А по мере того как справедливый гнев против профессора усиливался и поднимался штормовой волной, до Льва Христофоровича доходил весь трагикомизм ситуации. Он давно подозревал, что так может кончиться, но одно дело подозревать, а другое — услышать и увидеть.
— Рассказывайте, дружок, рассказывайте, — попросил профессор. — Мы не сможем вам помочь, пока не поймем, что произошло.
Никита немного успокоился и начал свой рассказ.
Группа подопытных детей росла как на дрожжах. Они с Жанной еле успевали их кормить, переодевать, прятать от инспекторов средних школ и даже военруков. Пятилетние крепыши-малыши через два с половиной — три года превратились в двадцатилетних громил или березок. Готовых к тому, чтобы их продавать и использовать. Все это — проза жизни. Этим занималась Жанна, потому что с Никитой случилось несчастье. Он влюбился в девушку так, что не смог заставить себя вернуться в Пермь.
Дядечка Никита даже собирался жениться на Раечке, но потом представил, как им придется стоять рядом в храме или в ЗАГСе, и решил отложить свадьбу до лучших времен, благо Рашель была рада, что ее теперь не бьют ремнем, а наоборот, целуют каждый вечер.
Больше того, со временем, через полгода или год, она и сама полюбила своего бывшего мучителя и хозяина.
На родину они не возвращались. Жанна порой пересылала мужу деньги, предпочитая верить, что он занят сложной селекционной работой.
Никита был умеренно счастлив, потому что находился в постоянном напряжении нервов. Слишком хороша, слишком сногсшибательна и соблазнительна была его дорогая Рашель. И не только ему, но и нескольким миллионам других мужчин хотелось дотронуться до ее округлостей. Он подумывал уже о том, не родить ли им ребеночка — тогда, находясь в декретном отпуске, Рашель всегда будет рядом и покорна, без этих самых вздрызгов характера международной красавицы!
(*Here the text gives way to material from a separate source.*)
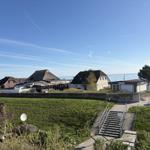 Grüner Hang mit Steigweg zum Strand. Im Hintergrund Häuser und Meer.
Но потом Никита спохватился — все-таки его возлюбленной формально исполнилось лишь восемь лет, и хоть она на вид кажется совсем взрослой дамой, время есть время, а уголовный кодекс — это кодекс.
Так что они остались бездетными и неоформленными, что очень удручало Раечку — ей хотелось семьи. Ведь она росла без отца-матери, а теперь вроде появился дядечка, которого можно считать папой, а он отказывается от формальностей.
Рашель в отличие от Никитушки легко выучила иностранные языки с помощью телевизора, так что поползновения Никиты изолировать ее от внешнего мира ничего не дали. С девичьей изворотливостью, не боясь ремня, Рашель спускалась по водосточной трубе с пятого этажа венецианского палаццо, переплывала Большой канал ради того, чтобы потанцевать в ночном клубе для речников. Вот и бегал Никита по заведениям, искал возлюбленную и подвергался обидам от ее поклонников.
Так прошел еще год.
А потом поступило паническое письмо из Перми о том, что швейцарский клуб «Грассхопперс» разрывает контракт с их сыночком, а шахматное объединение Казахстана вычеркивает из своих рядов гроссмейстера-вундеркинда. Из армии также поступили неутешительные известия.
Но хуже всего чувствовал себя сам Никита.
— По какой же конкретно причине? — спросил Лев Христофорович, который, конечно же, догадывался о причине. Понимание неизбежности трагедии, в которую суждено угодить Никите Блестящему, пришло к нему два с лишним года назад, но ввиду поспешного бегства Никиты Минц не успел ему о ней рассказать.
— По причине скорости, — сознался Никита.
— А далеко ли твоя возлюбленная модель?
— Супермодель! — воскликнул Никита. — Рашель де Грие. Она в гостинице.
Минц оделся, и они пошли в гостиницу «Гусь», благо идти до нее было недалеко.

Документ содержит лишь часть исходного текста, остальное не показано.